Start of Block

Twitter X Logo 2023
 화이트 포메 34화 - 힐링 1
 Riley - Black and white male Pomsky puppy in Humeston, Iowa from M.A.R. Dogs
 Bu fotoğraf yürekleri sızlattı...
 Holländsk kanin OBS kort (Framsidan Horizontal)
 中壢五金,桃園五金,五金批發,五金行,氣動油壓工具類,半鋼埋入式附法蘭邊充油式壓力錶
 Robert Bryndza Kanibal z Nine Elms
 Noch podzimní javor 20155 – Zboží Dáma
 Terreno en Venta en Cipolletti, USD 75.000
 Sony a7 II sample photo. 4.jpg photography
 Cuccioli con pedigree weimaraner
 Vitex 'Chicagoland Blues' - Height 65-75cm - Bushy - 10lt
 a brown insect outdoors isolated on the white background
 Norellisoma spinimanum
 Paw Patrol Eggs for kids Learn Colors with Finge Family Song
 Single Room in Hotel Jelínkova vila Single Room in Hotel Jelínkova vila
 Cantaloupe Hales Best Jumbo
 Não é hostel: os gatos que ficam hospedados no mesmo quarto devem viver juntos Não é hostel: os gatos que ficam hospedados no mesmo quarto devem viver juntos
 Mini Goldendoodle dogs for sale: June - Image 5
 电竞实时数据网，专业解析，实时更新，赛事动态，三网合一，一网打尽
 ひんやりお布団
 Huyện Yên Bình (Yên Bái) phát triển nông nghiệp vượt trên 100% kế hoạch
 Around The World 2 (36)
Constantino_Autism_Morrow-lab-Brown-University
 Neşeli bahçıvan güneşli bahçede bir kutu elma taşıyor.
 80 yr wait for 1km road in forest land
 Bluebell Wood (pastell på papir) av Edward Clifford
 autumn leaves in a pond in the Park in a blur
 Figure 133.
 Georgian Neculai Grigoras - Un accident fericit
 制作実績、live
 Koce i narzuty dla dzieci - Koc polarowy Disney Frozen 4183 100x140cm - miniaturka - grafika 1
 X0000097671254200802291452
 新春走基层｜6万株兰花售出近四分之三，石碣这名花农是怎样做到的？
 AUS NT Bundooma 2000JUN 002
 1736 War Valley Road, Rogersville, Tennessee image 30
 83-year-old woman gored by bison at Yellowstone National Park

End of Block

• Task: Beginning from the line that contains "新春走基层｜6万株兰花售出近四分之三，石碣这名花农是怎样做到的？", give each line again exactly, through the final line of the records.

• Written answer:
 新春走基层｜6万株兰花售出近四分之三，石碣这名花农是怎样做到的？
 AUS NT Bundooma 2000JUN 002
 1736 War Valley Road, Rogersville, Tennessee image 30
 83-year-old woman gored by bison at Yellowstone National Park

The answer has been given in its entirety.